Unsure on how this will be best achieved. Assuming a single grammar at the Mapfile level, would any subclass need to be wrapped in its parent hierarchy keywords to parse correctly?

E.g. a STYLE is associated with a CLASS associated with a LAYER which in turn is associated with a MAP.

style_string = """
    COLOR 107 208 107
    WIDTH 1

new_class = mappyfile.parse(style_string)
  • Would mappyfile need to take care of this by wrapping the STYLE string in a CLASS, LAYER, and MAP keywords to parse correctly?
  • If so would each need to be a separate method e.g. mappyfile.parse_layer, mappyfile.parse_class etc. ?

Other hierarchies and relationships can be seen on the http://www.mapserver.org/mapscript/mapscript.html#mapscript-classes page.
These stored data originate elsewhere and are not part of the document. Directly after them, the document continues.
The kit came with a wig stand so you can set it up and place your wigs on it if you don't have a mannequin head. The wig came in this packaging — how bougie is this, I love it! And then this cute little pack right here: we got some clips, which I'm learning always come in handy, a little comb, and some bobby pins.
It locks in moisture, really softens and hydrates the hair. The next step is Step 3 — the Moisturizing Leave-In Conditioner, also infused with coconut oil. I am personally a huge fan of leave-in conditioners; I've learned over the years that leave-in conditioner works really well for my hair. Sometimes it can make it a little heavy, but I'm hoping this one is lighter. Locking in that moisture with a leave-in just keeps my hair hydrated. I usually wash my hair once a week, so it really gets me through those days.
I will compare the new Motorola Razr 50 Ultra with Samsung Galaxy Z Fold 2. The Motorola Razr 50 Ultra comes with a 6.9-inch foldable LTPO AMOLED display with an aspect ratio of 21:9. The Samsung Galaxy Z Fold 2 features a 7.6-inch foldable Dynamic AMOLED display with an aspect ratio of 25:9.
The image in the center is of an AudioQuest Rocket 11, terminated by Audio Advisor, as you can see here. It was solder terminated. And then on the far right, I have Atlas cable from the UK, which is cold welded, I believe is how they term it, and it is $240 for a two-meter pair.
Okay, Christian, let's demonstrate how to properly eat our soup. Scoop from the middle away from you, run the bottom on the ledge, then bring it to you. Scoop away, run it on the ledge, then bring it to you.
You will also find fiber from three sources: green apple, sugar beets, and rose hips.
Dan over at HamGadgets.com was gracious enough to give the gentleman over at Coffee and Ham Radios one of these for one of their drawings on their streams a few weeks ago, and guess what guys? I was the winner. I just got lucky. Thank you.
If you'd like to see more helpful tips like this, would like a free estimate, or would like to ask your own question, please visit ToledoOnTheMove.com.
+-------+ 0..*    1 +-------+
| Style | <-------- | Class |
+-------+           +-------+

+-------+ 0..*     1 +-------+
| Class | <--------> | Layer |
+-------+            +-------+

 +-----+ 0..1  0..* +-------+
 | Map | <--------> | Layer |
 +-----+            +-------+

1.4. Including Files

The parser will also need to allow for files (containing further Mapfile declarations) referenced in the Mapfile to be loaded and parsed.

  • Includes may be nested, up to 5 deep.
  • File location can be given as a full path to the file, or as a path relative to the Mapfile
  • If a string is provided to the parse method, then an optional root_folder parameter can be used to work with relative paths

See http://mapserver.org/mapfile/include.html for further details.

    NAME "include_mapfile"
    EXTENT 0 0 500 500
    SIZE 250 250

    INCLUDE "test_include_symbols.map"
    INCLUDE "C:\Includes\test_include_layer.map"

Is it easy to have an option to not process the INCLUDEs and leave them as a simple line of text?

1.4.1. Benchmarking

I chose to use the Earley algorithm due to unexpected flexibility in the syntax of the mapfiles. (I can expand on that subject if you wish ) However, many of the files can still be parsed using PLY. You may notice that the test script tries parsing with PLY first and only falls back to Earley if it fails. It’s not necessary but it’s about 3 times faster under CPython. Or you may choose to use Pypy, which is the fastest just with the Earley parser.

Here are some benchmarks from my PC for parsing all 301 files (2MB):

  • Pypy: 3.5 seconds
  • CPython: 15 seconds
  • CPython with fallback